Isis was the most popular Egyptian goddess, even though nothing is known of her origins. However, it is generally believed that she was worshipped in the Delta region, close to Busiris, the oldest known cult centre of Osiris.

She had close associations with every great Egyptian goddess, including Nut, Bastet, and Hathor.

Isis played a prominent role within the relationship of the gods. She was known as the daughter of Ged and Nut, the sister-wife of Osiris, the mother of Horus and the sister of Seth and Nephthys. She was also one of the four goddesses that guarded a corner of the royal sarcophagus. In her particular protection was Pharaoh's liver. Both Isis and Nephthys were known as the chief divine mourners at Pharaohs funeral. But she is most famously known, in mythology, for her quest to find her husband's body, after Osiris had been killed by his brother, Seth. Through the legend of Osiris, Isis typified the faithful wife and devoted mother. And her magical powers, particularly in the care and cure of children, ensured her continuing popularity.

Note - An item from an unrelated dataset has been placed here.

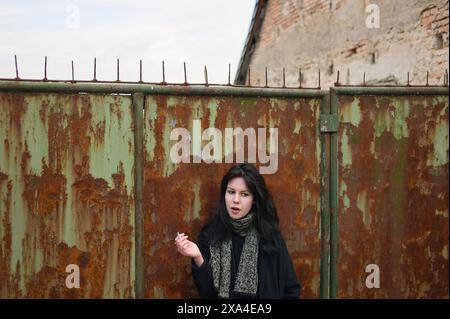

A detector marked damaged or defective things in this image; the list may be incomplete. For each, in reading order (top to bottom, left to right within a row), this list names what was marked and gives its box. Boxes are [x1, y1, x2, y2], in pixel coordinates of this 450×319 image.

rusty metal gate [0, 79, 448, 298]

Isis took on particular importance during the reign of the Ptolemys (Dynasty XXX) when several temples were built in her honor including the temples at Denderah and Philea. The worship of Isis continued through both the Greek and Roman occupations of Egypt, up until the sixth century AD. During this time Isis was universally worshipped and her cult had spread through many lands including; Syria, Palestine, Asia, Cyprus, Crete, Rhodes, mainland Greece, Phoenicia and eventually Rome. The worship of Isis even spread as far as Britian.

DEPICTION:
She is often depicted nursing Horus / Female with wings (as on the sarcopgagus) / Woman wearing cow's horns and sun disc (Borrowed from Hathor) / Woman wearing the hieroglyph sign for 'throne' on her head.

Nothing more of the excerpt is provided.